This horrifying photo is a little insight into a storage area in my basement. In case you haven’t noticed, almost everything in there is the familiar “army green,” which is the colour of most of our military gear. It is of note that only two of those bags belong to me.
In the military, there are two kinds of people (okay, there are lots of different kinds of people, but for the sake of this blog post…); those who feel that we are issued too much gear (known as “kit” in the forces) and those who are always craving the newest and most “Gucci” of gear. So essentially, this closet is the ultimate definition of the professional differences between Mark and I. I only want the gear necessary to my daily job…uniform, boots, beret, coat. Mark wants more. And more. And more. He’s always looking for the newest rucksack, the most protective tactical vest, and the most sexy of gun holsters. The man owns SIX, yes, SIX rucksacks. I will delicately point out that he only has one back. In case the photo hasn’t made it clear, Mark’s obsession has reached a new pinnacle.
So the dangerous thing about two military folk in one house is that soon, kit begins to swallow you, and inevitably your house, whole. I find military gear in the strangest places in the house. A Velcro Canada flag in the bathroom drawer. Boot bands in my civilian clothes pockets. Various forms of combat boots in every possible house crevice. Straps for rucksacks in the underwear drawers. And soon, the only way to figure out what belongs to who is to try it on, which is always rather time consuming. Thank goodness Mark is a good six inches taller than me.
What’s even worse is that when you deploy, you are issued even more gear, all required to keep you safe when you are overseas. So imagine, if you will, that there are two other rucksacks and two barrack boxes stashed in other corners of my basement, all waiting to be returned now that Mark is home safe. Oh, what a blessed day that will be.

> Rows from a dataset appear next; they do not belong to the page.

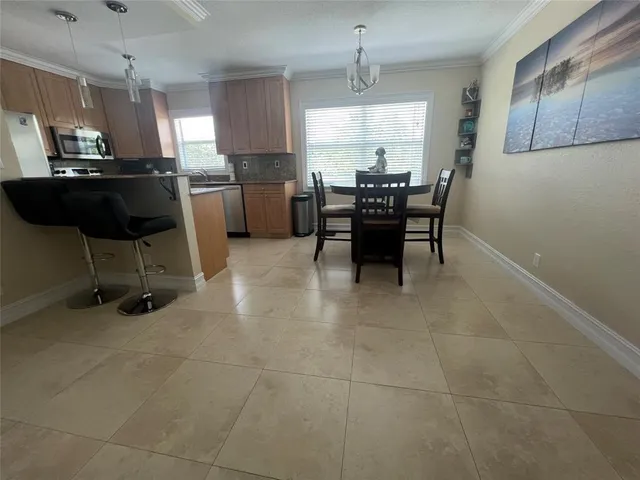 a kitchen with stainless steel appliances kitchen island granite countertop dining table chair and a refrigerator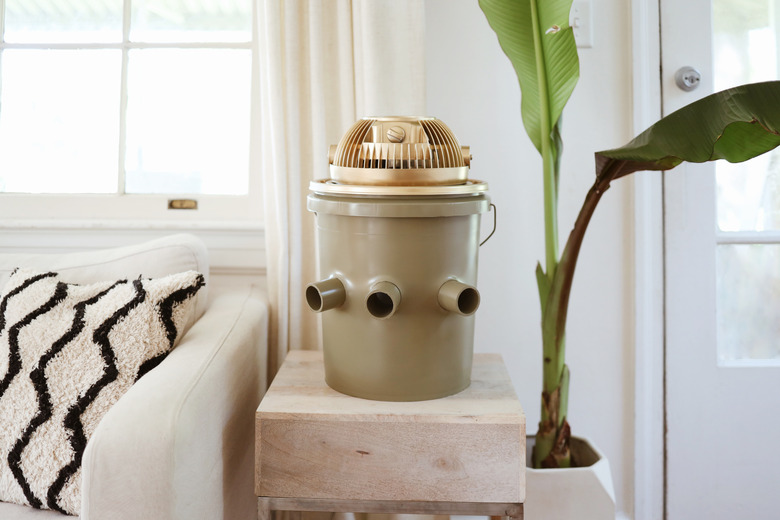 Green and gold portable bucket air conditioner on an end table next to a couch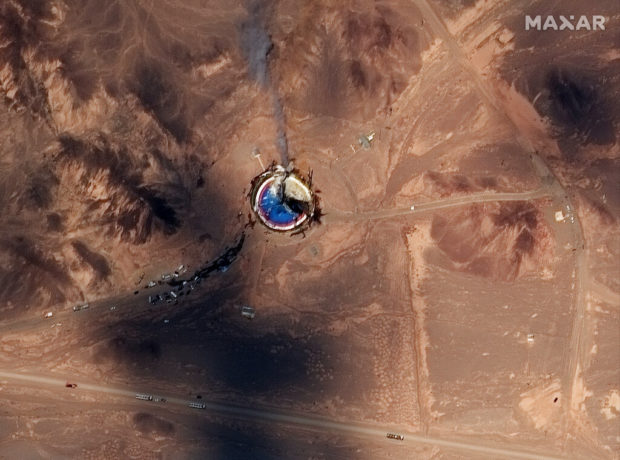 Satellite photos show burning Iran space center launch pad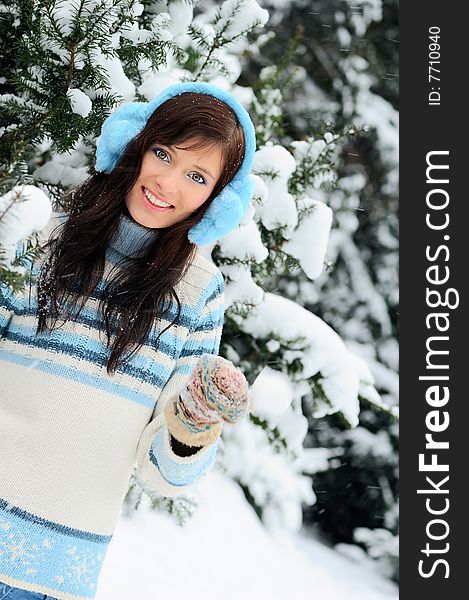 Beautiful girl wearing sweater and jeans on the winter background. Beautiful girl wearing sweater and jeans on the winter background.
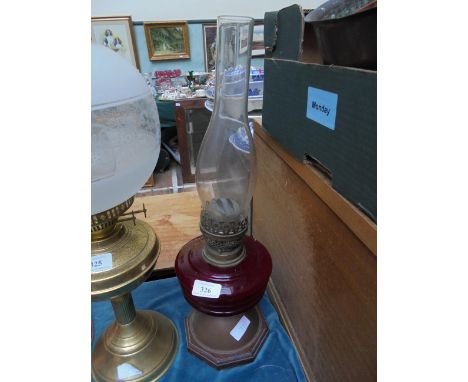 Oil lamp with ruby glass bowl on hexagonal wooden and copper plinth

On top of it all, the military kit has a particular scent to it. I jokingly say that it smells like “army,” a smell that reminds me of home, Dad and comfort. So whenever I’m feeling homesick, I can go down into the basement, take a deep breath and suddenly, I am comforted. That is, until the smell reminds me of basic training! Ha.
So for now, I just close the curtain (literally) on the mess in this closet and try to forget the horror that lies beneath. But I’m open to advice on to how to save my basement from my fiancé, the Gear Hound.